Governabilidade

BC, Eletrobras e Marco do Saneamento: desgastes à toa com a Câmara

Temas já pacificados, e que ameaçaram ser revistos pelo governo, somente criaram ruído com os deputados. Isso fragilizou o relacionamento entre o Palácio do Planalto e o Legislativo

Fábio Grecchi
Ingrid Soares
Renato Souza
Raphael Felice
postado em 12/06/2023 03:55
 (crédito: Marina Ramos/Agência Câmara)
(crédito: Marina Ramos/Agência Câmara)

Para especialistas ouvidos pelo Correio, Luiz Inácio Lula da Silva se equivocou ao se arriscar em giros internacionais que trarão para o Brasil bons resultados no médio e no longo prazos sem que, em seu próprio quintal, diante de exigências que pedem soluções imediatas, não conte no Congresso com uma base sólida o suficiente para superar impasses e dificuldades. Para eles, o presidente da República recalculou tardiamente a relação com os políticos e pôs em risco a governabilidade, sobretudo depois de enfrentar uma tentativa de golpe de Estado, em 8 de janeiro.

Mesmo assim, o Palácio do Planalto mexeu em vespeiros que, para os analistas da cena política, não trouxeram resultados e dificultaram as conversas. Ainda que as críticas de Lula à autonomia do Banco Central e ao patamar da taxa básica de juros (em 13,75%) encontrem eco até mesmo no Centrão, a possibilidade de revisão da privatização da Eletrobras foi vista como uma pauta essencialmente ideológica — uma vez que o presidente falou diretamente para os sindicatos e associações de classe do setor, historicamente contrários a passagem de empresas públicas para mãos particulares.

A mesma percepção serviu para a revisão do Marco do Saneamento, que permitiu às empresas estaduais voltarem ao jogo das concessões para manterem seus quinhões — e em vantagem sobre os grupos privados que pretendem gerir os serviços de fornecimento de água e escoamento de esgoto.
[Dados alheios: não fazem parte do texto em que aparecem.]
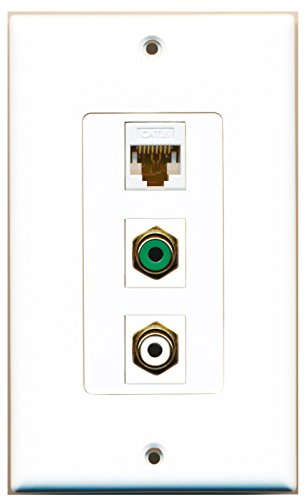 RiteAV - 1 Port RCA White and 1 Port RCA Green and 1 Port Cat6 Ethernet White Decorative Wall Plate Decorative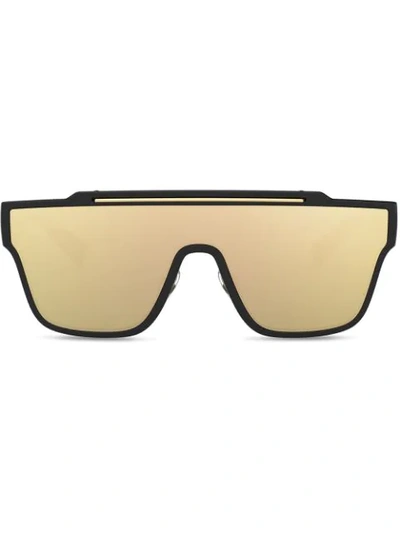 Dolce & Gabbana Viale Piave 2.0 Rectangular-frame Sunglasses In Black And Gold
Para setores do Congresso, essas companhias públicas apresentam uma ineficiência crônica, causada por um quadro de funcionários avesso a cobranças, baixo investimento tecnológico e por serem, ainda, permeáveis à influência de grupos políticos locais. Fora esses fatores, rever o Marco traz uma insegurança jurídica cujo tempo o próprio Lula, na campanha, disse que ficara para trás.

Inclusão

Luciana Santana, cientista política e professora da Universidade Federal de Alagoas (UFAL), destaca que, desde que assumiu a Presidência, Lula acertou em restabelecer programas e políticas públicas de antigos governos petistas. Mas pecou quando não incluiu o Legislativo nesses projetos.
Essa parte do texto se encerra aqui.